I often see Flat Earth folks trying to "measure how far away the sun is" by using altitude (angle of the sun in the sky from that location) values from two far away cities.
The first obvious Folly here is that they invariably IGNORE that on a curved Earth you cannot simply compare two altitude values -- each location has 0° on THEIR horizon, so they are rotated about the Earth's center. So before we can USE this altitude information we have to already know the shape of the Earth (which we do, it's a Spheroid).
Imagine a viewer at the North Pole viewing the Sun which is in Equinox over the Equator.
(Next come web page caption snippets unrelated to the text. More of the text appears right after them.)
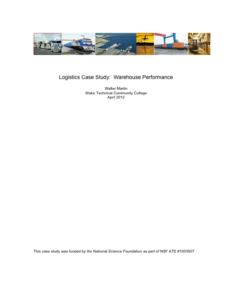 Screenshot for Case Study: Warehouse Performance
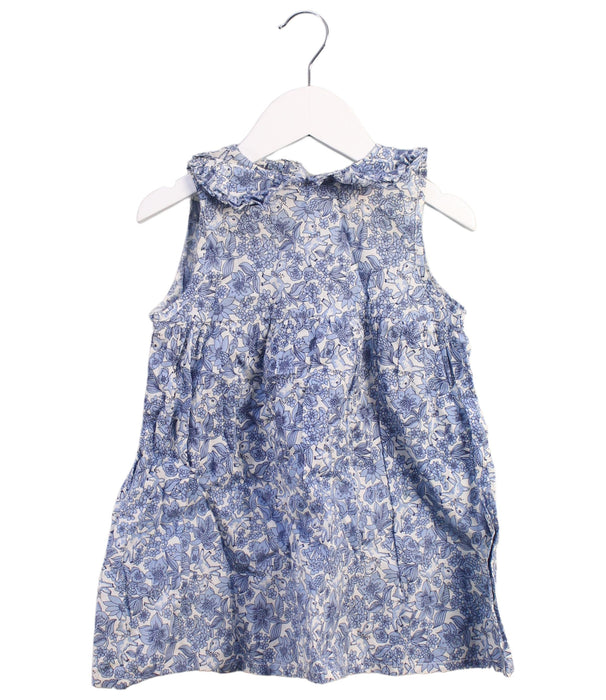 A Blue Sleeveless Dresses from Siaomimi in size 4T for girl. (Front View)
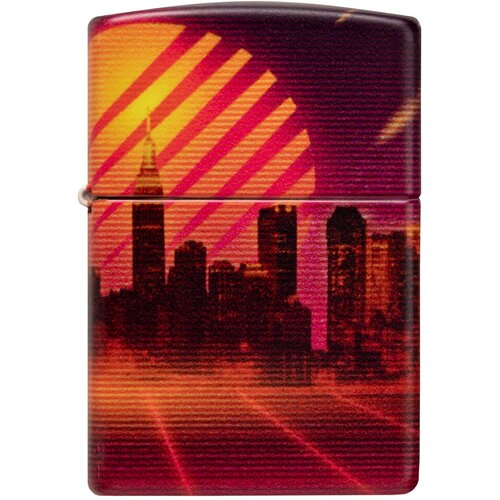 Оригинальная бензиновая зажигалка ZIPPO Classic 48505 Cyber City с покрытием 540 Matte - Кибер-город фото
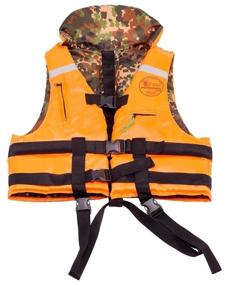 img 2 attached to Life jacket POSEIDON FISH Life vest adult up to 80 kg with gims headrest, Belarus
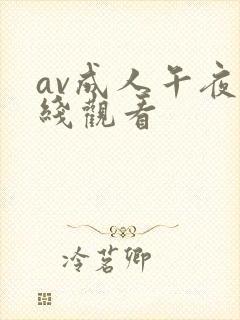 av成人午夜在线观看封面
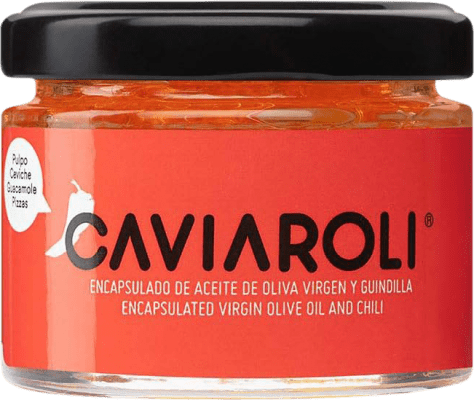 Conservas Vegetales Caviaroli Caviar de Aceite de Oliva Virgen Extra Encapsulado con Guindilla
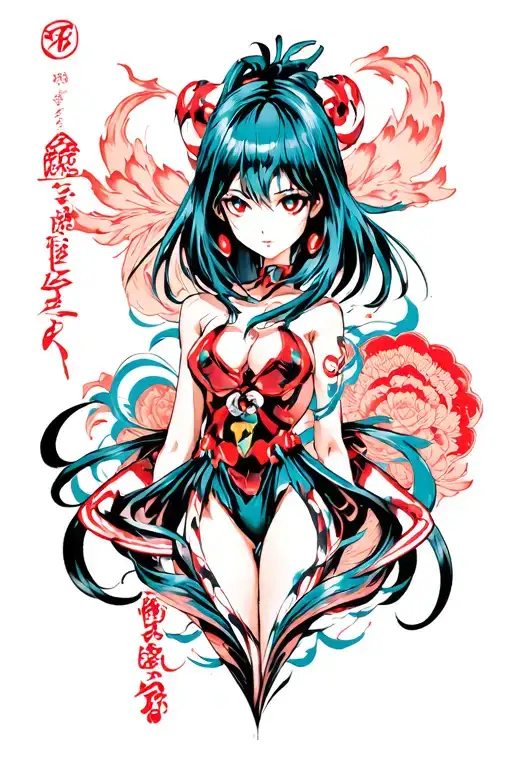 Evangelion 02 Asuka de evangelion tattoo design idea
The person at the Equator sees the Sun at 90° altitude, directly overhead. But the person at the North Pole would see the Sun on the Horizon at 0° -- that is an IMPOSSIBILITY on a Flat Earth.
We also know that a nearby Sun is IMPOSSIBLE because of the actual parallax that would be visible!
Imagine a Sun that is only 4000 miles up and directly overhead observer A, an observer B a mere 1000km away would see the Sun at an angle of 8.8° lower! That is HUGE. If this were true ANYONE could trivially measure this enormous shift just by having two people 1000 km away from each other. THIS NEVER HAPPENS. This conclusively shows that the Sun *cannot* be 4000 miles up. You can test this out using this calculator. But don't just test only ONE distance -- if you are going to try to validate your model you need to test at multiple distances between actual observers and see if you observe the amount of parallax expected.
The actual parallax for two viewers on the Earth 1000km distance from each other is just 0.0001981409° - this is WELL below the ability to measure without fairly sophisticated equipment. This is why you cannot simply use altitude reports which only have a few decimal points of precision, you need about 9 decimal points to get in the right ballpark.